■ **Dataset entries**:
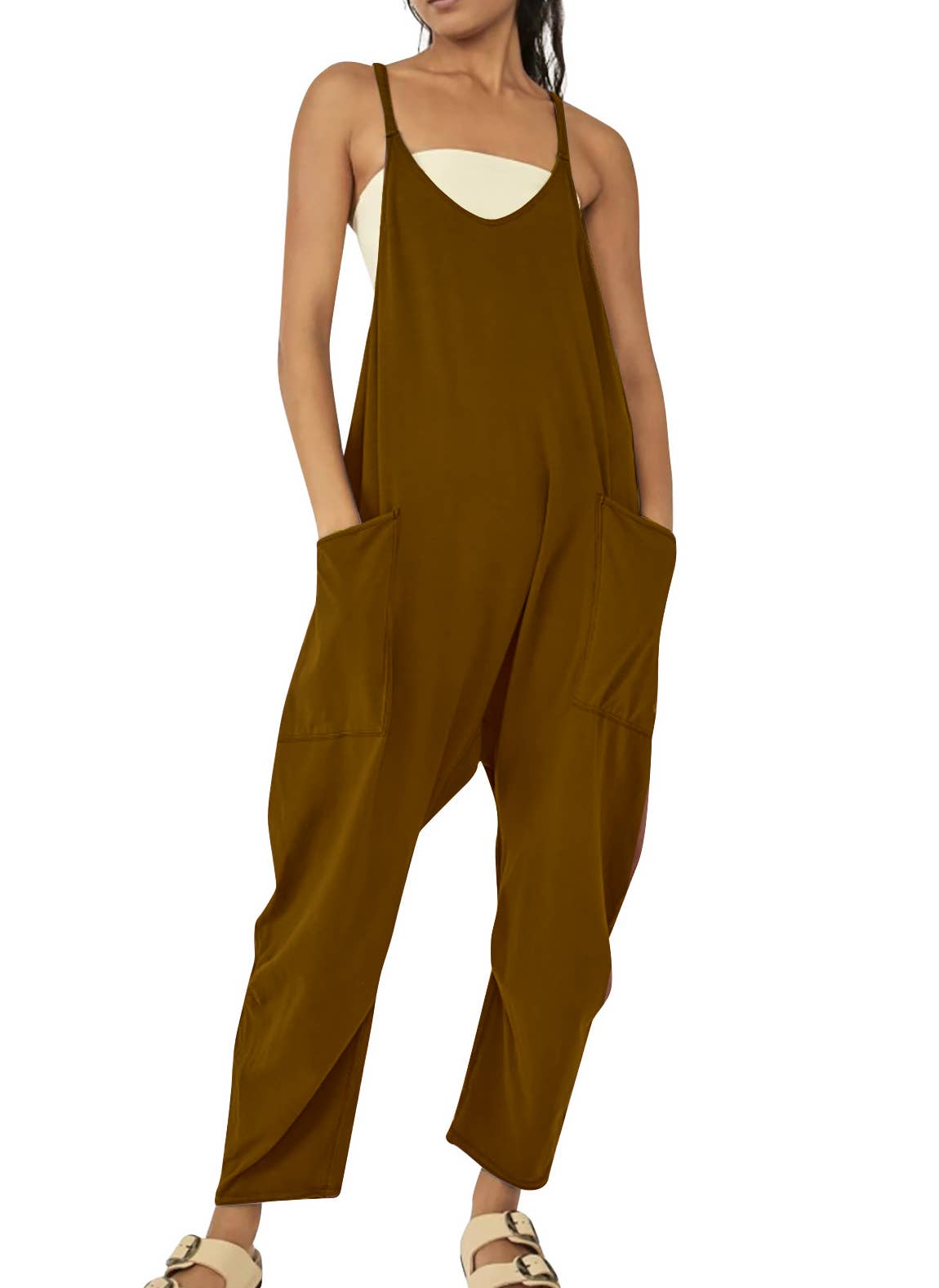 Rosa Clothing - Wholesale Jumpsuit - Women's - Solid Color Suspender Jumpsuit with Pockets21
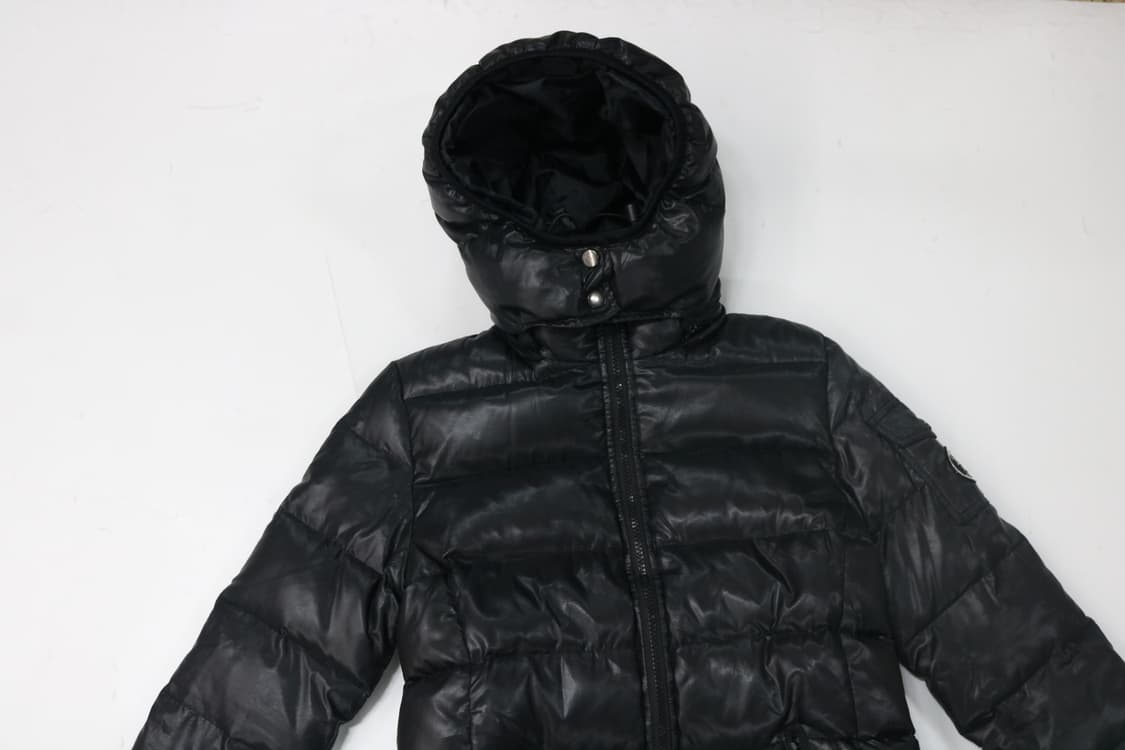 ATELIER SAB 아틀리에사브 유광 블랙 후드 롱 다운 패딩 (M) 상품이미지4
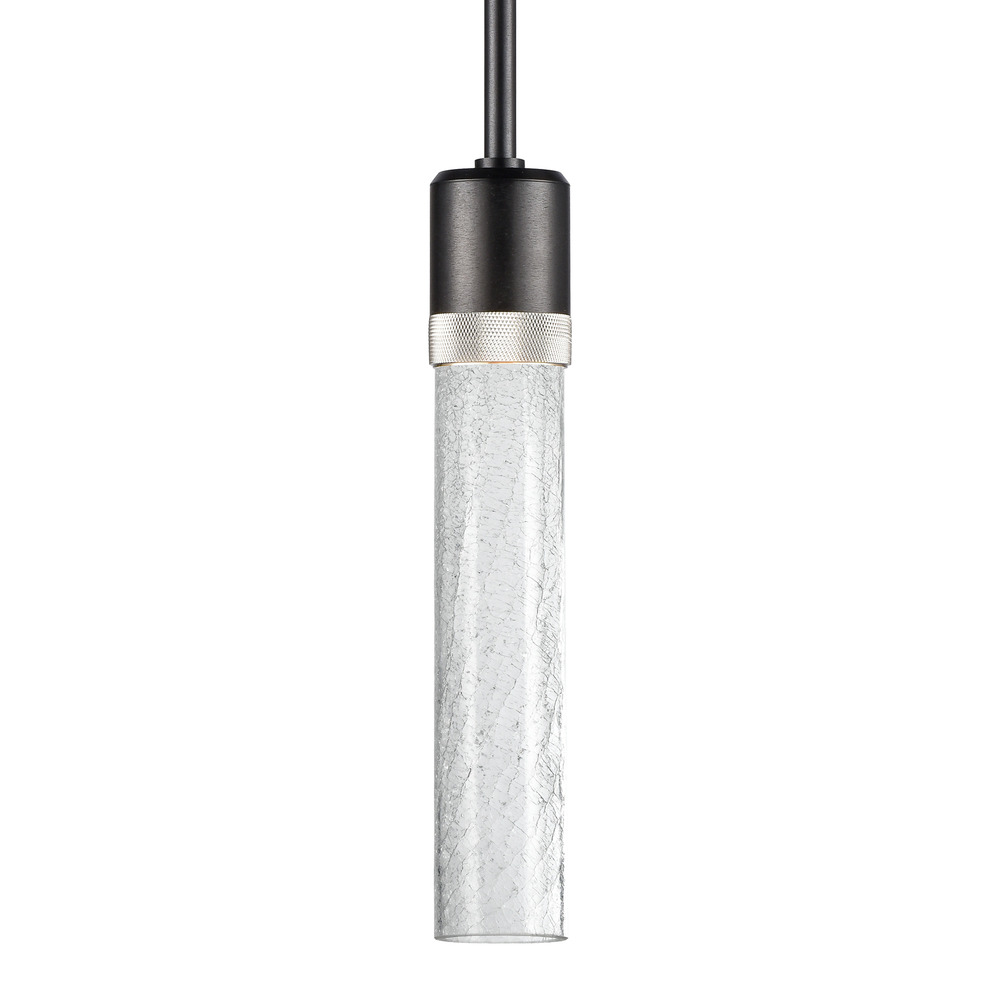 3&#34; LED 3CCT Cylindrical Pendant Light, 12&#34; Crackled Glass and Satin Brushed Black with Nicke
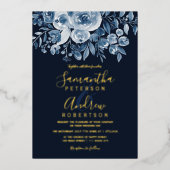 Navy blue waterverf floral script foto bruiloft folie uitnodiging (Voorkant)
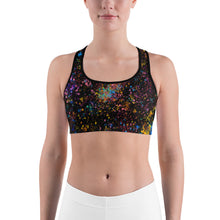 Load image into Gallery viewer, Black Paint Flick Sports Bra. ArtGaze.shop
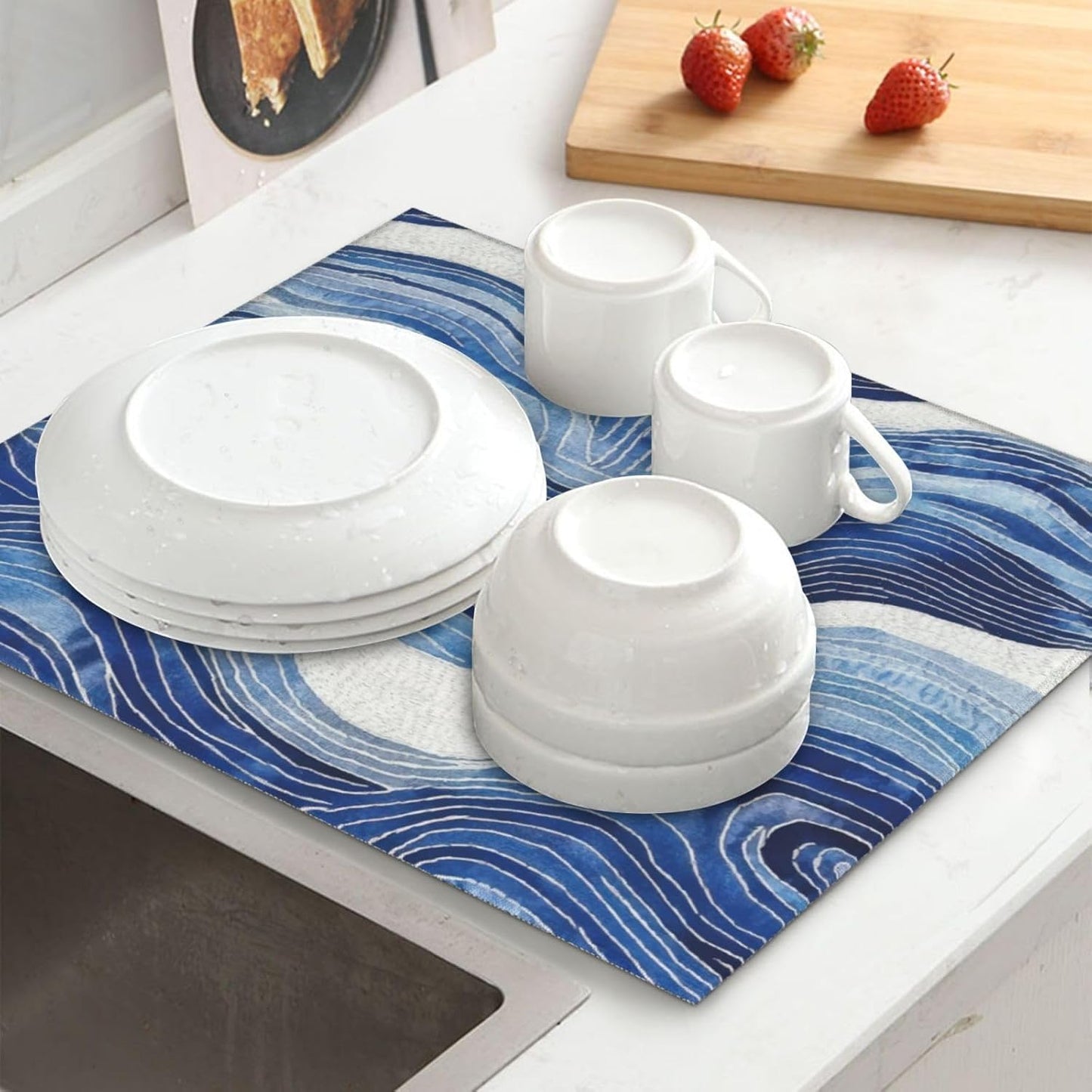 Blue White Wave Abstract Art Dish Drying Mat for Kitchen Counter & Sink, Absorbent Microfiber Ocean Drying Pad for Dishes, Foldable Nautical Modern Kitchen Mat for Dining Area & Home Decor, 16" x 18"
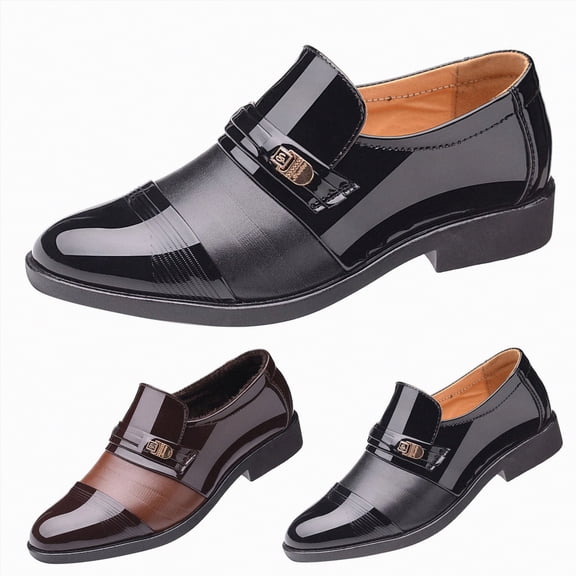 Rotm Mens Leather Dress Shoes Men's Slip on Dress Loafers Formal Shoes Black,12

■ **Work instructions**: The records above need to be reproduced exactly, with all images omitted.

■ **Output for this task**:
 Rosa Clothing - Wholesale Jumpsuit - Women's - Solid Color Suspender Jumpsuit with Pockets21
 ATELIER SAB 아틀리에사브 유광 블랙 후드 롱 다운 패딩 (M) 상품이미지4
 3&#34; LED 3CCT Cylindrical Pendant Light, 12&#34; Crackled Glass and Satin Brushed Black with Nicke
 Navy blue waterverf floral script foto bruiloft folie uitnodiging (Voorkant)
 Load image into Gallery viewer, Black Paint Flick Sports Bra. ArtGaze.shop
 Blue White Wave Abstract Art Dish Drying Mat for Kitchen Counter & Sink, Absorbent Microfiber Ocean Drying Pad for Dishes, Foldable Nautical Modern Kitchen Mat for Dining Area & Home Decor, 16" x 18"
 Rotm Mens Leather Dress Shoes Men's Slip on Dress Loafers Formal Shoes Black,12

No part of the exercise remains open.